| The purpose of extraction and drying is to obtain samples that are free of hydrocarbons, water and soluble salts that are suitable for further analysis. To select the appropriate extraction and drying technique that matches the sample mineralogy and study objectives, we use hot shot XRD/SEM which gives us valuable information on the sample mineralogy within a short timeframe. |
 Water, oil and salts are extracted from plugs using a soxhlet apparatus and organic solvents. The choice of organic solvent(s) depends on the material to be extracted. Organic solvents such as toluene, methanol or an azeotropic mixture of chloroform, methanol and water are available.
The duration of soxhlet extractions of plugs can vary from several days (for coarse grained or porous materials) to weeks (for fine grained or dense materials). Completion of the extraction is determined by checking the cleaning liquid for salt content and by ultraviolet fluorescence scanning of the plugs. |
| This is a gentle and fast method for the removal of hydrocarbons (heavy, waxy or asphaltic crudes) and formation water salts from core plugs. Cylindrical core samples are individually loaded into core holders. Series of miscible solvents are then flowed through the samples.
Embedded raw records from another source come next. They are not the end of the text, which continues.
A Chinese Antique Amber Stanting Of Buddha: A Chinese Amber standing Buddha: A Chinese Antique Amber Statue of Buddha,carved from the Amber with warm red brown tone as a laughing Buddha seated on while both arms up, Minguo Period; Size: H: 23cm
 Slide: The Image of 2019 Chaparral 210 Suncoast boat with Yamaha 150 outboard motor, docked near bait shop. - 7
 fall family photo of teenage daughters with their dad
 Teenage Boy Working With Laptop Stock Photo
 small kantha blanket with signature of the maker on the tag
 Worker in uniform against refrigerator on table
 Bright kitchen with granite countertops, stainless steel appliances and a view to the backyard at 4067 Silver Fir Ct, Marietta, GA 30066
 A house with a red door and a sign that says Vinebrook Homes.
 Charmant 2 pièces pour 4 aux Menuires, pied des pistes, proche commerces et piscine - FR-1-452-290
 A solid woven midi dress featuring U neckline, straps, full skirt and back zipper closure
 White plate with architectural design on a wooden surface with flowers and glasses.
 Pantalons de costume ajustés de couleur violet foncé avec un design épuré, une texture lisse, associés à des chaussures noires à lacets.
Low flow rates, not exceeding realistic reservoir conditions, are used to prevent sample damage through clay migration. From the measured flow rate and the pressure differential an estimation of the liquid permeability of a sample can be derived in an early stage of the core analysis project. |
| After soxhlet extraction, samples are dried to constant weight. Most commonly a hot oven is used for samples that are free of sensitive clays. A humidity-controlled oven is commonly used for samples containing gypsum, clay and/or shales. |
| When minerals are present that are sensitive to fluid phase changes (e.g. illite), critical point drying can be considered. Normal drying techniques create a large surface tension across the gas-liquid interfaces, which can cause fibrous illites to deform and hence alter the permeability of the rock. Critical-point drying will prevent the collapse of illites because the illite will never be exposed to high gas-liquid surface tensions. |